後編
数年後―。
俺は大手の企業に就職し、平穏な日々を過ごしている。
周囲から羨ましがられるほどの素敵な彼女も出来て順調だ。
呪いなんて忘れて幸せに生きている。
―ように、見えているはずだ。
家族はあの夜に死んだ。
人生の終わりを覚悟して目を閉じた俺だったが、数時間後に知らない電話番号からの着信で目を覚ました。
『家族が交通事故で亡くなった。』
電話の主はそう告げた。
詳しいことは覚えていない。
ただ父さんも母さんも、妹までも一気に失ったことだけが事実だった。
葬式の時に、呆然としたまま喪主を務める俺に隣のおばちゃんが教えてくれた。
「『病院からあなたが事故に遭って重体だ』と連絡を受けたようだ」と。
それで急いで俺のところへ来る途中、電信柱に突っ込んだらしい。
その時、俺はやっとわかった。
あいつは俺自身の命を取るわけではなく、俺を辛いと思う状況に陥れることが目的だったんだと。
狙い通り、俺は絶望の中にいた。
生きていてもしょうがないと、色んなことを試した。
でもどれもダメだったんだ。
縄が切れたり、人に発見されてしまったり…。
その度にあいつのクスクスという笑い声が聞こえ、耳元で囁かれる。
『まぁだだよ。』
俺は最近、もう一つの予想を立てている。
あいつはただ俺を苦しめるだけじゃなく、俺たちを永遠に呪い続けるつもりなのではないだろうか。

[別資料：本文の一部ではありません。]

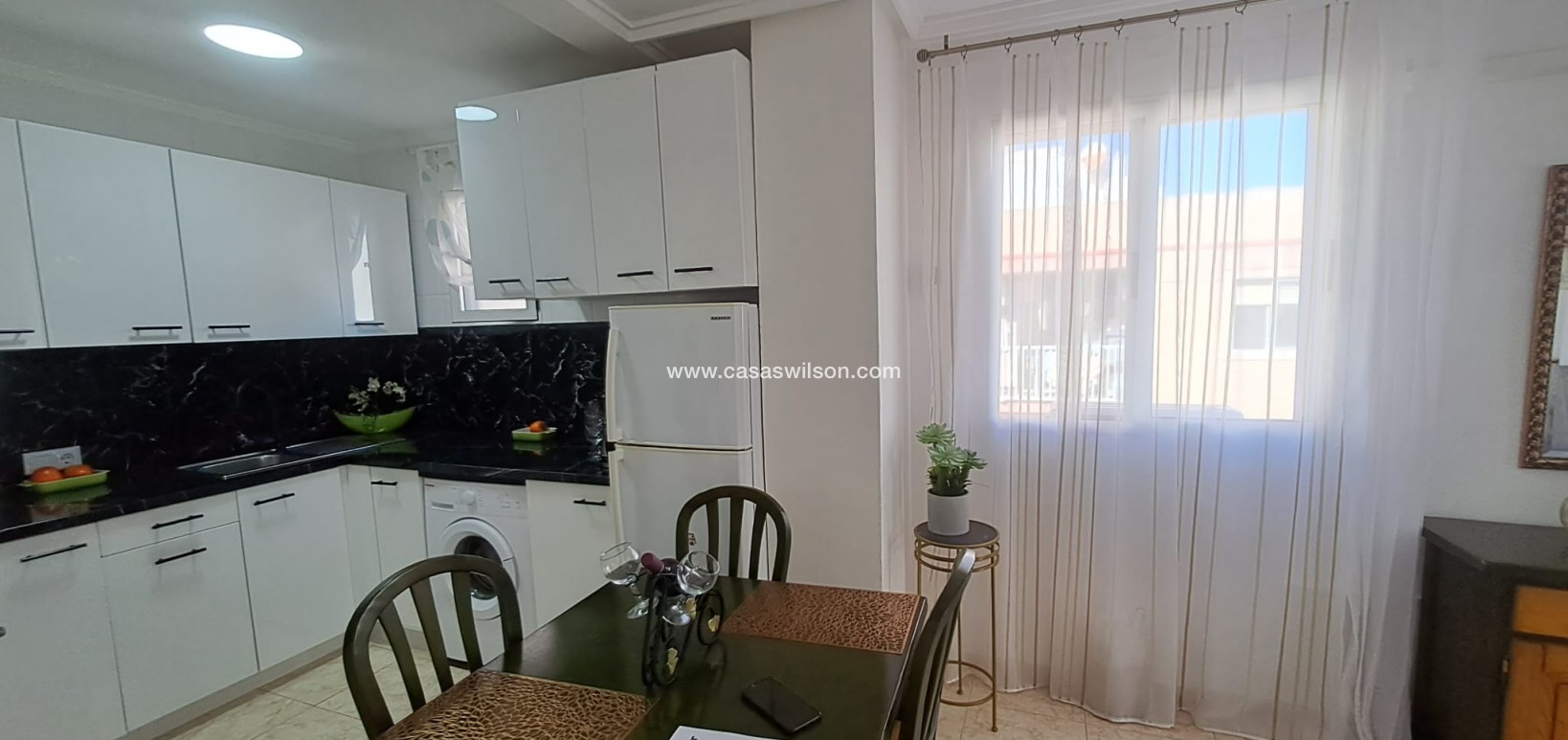 Sale - Apartment - Torrevieja - Costa Blanca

俺たちの血を絶やすのではなく、呪うための血が続いていくように仕組んでいる。
そんな気がしてならないのだ。
声はまだ聞こえる。
あの頃とは違い、クスクスという笑い声とともに近付いてきて嬉しそうに囁く。
『みぃつけた。』
多分俺は、今の彼女と結婚することになるのだと思う。
あのクスクスという笑い声を聞いていたら、そうしないといけないという強迫観念が止まらなくなる。
きっと、子どもも無事に産まれるんだろう。
自分を守るために呪われる家族を増やそうとするなんて、俺はすでに狂っているんだと思う。
でももう限界だ。
俺に出来るのは、きちんと伝えていくことだけ。
あの声が、『もういいよ。』と囁いてくれるその日まで。
読んでいただき、ありがとうございました。